### What the exercise asks:
Would you output the entries below only from the line containing "Moderne Kaptafel met" through the line containing "Maison Tortorà Set", exactly as they stand and with both ends included?

Data extracted from a collection

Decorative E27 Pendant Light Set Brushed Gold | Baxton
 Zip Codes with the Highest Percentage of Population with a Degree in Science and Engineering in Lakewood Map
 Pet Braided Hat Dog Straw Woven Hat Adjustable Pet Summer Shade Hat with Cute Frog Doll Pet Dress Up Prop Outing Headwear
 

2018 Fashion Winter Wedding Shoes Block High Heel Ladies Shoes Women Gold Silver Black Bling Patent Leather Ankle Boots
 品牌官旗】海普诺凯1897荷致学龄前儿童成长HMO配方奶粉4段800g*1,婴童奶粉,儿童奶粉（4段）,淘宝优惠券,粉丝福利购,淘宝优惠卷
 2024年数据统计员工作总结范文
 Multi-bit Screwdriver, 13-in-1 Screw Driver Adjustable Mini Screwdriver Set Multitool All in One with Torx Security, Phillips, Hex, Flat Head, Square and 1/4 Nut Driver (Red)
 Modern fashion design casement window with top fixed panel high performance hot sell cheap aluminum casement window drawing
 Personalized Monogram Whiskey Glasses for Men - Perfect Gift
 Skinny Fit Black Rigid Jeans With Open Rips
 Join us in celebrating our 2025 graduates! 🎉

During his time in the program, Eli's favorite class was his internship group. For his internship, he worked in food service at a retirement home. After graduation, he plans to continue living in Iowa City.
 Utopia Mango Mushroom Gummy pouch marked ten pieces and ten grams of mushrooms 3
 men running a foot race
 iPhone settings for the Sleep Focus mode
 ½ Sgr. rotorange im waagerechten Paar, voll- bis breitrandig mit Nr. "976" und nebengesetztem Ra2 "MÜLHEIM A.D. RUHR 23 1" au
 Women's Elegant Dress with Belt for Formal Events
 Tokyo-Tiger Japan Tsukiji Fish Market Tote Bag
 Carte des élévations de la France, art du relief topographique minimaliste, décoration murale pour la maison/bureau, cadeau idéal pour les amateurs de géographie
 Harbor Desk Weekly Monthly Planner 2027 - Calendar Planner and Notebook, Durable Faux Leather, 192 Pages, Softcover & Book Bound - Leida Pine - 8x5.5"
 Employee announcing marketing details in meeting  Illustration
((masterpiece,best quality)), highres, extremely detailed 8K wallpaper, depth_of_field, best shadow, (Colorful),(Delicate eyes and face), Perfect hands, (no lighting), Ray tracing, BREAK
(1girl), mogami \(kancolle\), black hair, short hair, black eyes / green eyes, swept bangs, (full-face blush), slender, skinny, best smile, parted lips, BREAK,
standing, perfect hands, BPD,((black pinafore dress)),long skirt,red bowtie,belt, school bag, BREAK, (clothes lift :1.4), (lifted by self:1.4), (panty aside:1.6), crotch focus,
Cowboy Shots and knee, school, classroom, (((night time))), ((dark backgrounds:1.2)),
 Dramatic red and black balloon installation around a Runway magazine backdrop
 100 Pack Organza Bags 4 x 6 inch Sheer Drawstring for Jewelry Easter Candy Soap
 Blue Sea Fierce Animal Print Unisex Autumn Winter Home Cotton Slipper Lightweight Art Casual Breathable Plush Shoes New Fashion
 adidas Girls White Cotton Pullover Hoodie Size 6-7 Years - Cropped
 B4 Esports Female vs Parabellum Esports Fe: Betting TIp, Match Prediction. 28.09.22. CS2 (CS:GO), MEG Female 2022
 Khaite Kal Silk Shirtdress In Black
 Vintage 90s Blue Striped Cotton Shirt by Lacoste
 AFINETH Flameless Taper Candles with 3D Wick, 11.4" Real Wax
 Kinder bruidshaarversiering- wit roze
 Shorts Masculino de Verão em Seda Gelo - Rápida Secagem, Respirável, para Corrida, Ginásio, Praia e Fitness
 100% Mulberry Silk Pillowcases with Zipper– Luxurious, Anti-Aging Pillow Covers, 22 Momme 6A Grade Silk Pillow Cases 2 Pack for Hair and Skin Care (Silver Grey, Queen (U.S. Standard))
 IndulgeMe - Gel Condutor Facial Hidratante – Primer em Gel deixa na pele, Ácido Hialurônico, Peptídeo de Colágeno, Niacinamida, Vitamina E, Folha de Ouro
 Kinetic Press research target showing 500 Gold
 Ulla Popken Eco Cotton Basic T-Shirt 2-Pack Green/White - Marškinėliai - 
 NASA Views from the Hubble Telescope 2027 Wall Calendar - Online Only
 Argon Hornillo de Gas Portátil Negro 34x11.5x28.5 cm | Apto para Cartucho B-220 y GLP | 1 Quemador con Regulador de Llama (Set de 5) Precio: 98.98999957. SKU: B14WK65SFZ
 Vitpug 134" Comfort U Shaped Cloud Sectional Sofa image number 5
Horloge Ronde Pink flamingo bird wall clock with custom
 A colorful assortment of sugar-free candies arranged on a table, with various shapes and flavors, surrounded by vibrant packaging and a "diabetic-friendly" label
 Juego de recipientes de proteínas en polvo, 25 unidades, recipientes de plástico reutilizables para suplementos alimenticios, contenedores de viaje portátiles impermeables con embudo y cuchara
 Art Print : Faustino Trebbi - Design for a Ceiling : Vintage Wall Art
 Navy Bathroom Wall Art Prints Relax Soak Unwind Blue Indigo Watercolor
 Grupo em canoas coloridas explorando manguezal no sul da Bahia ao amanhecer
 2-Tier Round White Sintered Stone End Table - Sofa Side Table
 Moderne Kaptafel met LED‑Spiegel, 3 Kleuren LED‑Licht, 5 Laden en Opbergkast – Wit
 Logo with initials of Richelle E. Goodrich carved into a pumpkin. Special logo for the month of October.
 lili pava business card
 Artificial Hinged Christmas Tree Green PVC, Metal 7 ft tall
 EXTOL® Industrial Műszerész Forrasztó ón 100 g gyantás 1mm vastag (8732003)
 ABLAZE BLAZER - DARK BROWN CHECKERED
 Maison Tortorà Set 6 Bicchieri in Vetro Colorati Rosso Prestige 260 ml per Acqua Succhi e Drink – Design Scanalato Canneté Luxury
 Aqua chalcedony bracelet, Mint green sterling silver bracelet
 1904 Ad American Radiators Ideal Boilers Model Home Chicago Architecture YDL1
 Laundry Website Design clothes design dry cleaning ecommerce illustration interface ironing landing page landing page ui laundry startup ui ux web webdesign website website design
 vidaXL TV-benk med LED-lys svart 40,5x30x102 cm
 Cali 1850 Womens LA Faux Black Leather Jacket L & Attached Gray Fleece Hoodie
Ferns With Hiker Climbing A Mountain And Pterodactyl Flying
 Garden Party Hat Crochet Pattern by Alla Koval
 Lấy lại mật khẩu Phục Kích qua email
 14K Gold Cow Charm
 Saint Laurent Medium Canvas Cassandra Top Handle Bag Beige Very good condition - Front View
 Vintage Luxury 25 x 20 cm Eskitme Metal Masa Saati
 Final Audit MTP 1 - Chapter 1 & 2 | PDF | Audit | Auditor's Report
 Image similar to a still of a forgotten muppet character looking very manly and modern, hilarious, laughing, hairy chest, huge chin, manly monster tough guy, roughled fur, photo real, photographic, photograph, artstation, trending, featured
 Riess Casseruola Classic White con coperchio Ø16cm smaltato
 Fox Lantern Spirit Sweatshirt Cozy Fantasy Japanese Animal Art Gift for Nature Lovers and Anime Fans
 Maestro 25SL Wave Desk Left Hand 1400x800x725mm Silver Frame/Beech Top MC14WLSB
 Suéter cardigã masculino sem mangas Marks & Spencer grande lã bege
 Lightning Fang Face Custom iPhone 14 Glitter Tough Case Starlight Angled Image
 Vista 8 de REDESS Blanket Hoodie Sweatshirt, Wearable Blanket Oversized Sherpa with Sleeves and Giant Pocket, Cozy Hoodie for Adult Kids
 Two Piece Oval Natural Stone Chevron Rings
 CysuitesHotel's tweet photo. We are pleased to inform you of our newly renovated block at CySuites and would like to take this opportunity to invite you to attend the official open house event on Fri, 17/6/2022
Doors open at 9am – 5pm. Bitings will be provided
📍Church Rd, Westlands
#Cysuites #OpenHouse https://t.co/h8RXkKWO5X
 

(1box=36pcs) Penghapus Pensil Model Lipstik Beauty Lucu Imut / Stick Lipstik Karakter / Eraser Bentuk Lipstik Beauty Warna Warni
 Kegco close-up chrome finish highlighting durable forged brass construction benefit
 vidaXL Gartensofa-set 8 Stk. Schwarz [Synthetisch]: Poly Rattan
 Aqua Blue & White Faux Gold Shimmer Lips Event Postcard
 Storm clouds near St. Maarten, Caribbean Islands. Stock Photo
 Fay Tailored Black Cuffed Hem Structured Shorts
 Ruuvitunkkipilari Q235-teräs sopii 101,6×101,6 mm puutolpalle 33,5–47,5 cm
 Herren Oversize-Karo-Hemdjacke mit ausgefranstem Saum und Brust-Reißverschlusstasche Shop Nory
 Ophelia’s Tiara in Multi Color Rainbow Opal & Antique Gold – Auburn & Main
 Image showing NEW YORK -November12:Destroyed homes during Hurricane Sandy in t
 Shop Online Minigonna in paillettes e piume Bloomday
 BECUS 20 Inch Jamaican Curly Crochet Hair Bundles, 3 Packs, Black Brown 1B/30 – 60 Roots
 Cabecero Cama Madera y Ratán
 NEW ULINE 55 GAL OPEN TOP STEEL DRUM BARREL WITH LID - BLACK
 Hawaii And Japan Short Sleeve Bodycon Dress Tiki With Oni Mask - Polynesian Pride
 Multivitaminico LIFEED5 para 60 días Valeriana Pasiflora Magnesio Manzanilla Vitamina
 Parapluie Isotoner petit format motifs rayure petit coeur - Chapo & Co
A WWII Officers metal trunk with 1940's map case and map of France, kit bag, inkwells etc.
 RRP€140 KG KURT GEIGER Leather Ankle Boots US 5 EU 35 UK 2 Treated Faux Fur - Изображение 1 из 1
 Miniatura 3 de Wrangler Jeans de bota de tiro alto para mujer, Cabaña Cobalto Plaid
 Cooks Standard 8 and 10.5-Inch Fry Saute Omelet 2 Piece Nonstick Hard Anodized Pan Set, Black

### Solution to the exercise:
 Moderne Kaptafel met LED‑Spiegel, 3 Kleuren LED‑Licht, 5 Laden en Opbergkast – Wit
 Logo with initials of Richelle E. Goodrich carved into a pumpkin. Special logo for the month of October.
 lili pava business card
 Artificial Hinged Christmas Tree Green PVC, Metal 7 ft tall
 EXTOL® Industrial Műszerész Forrasztó ón 100 g gyantás 1mm vastag (8732003)
 ABLAZE BLAZER - DARK BROWN CHECKERED
 Maison Tortorà Set 6 Bicchieri in Vetro Colorati Rosso Prestige 260 ml per Acqua Succhi e Drink – Design Scanalato Canneté Luxury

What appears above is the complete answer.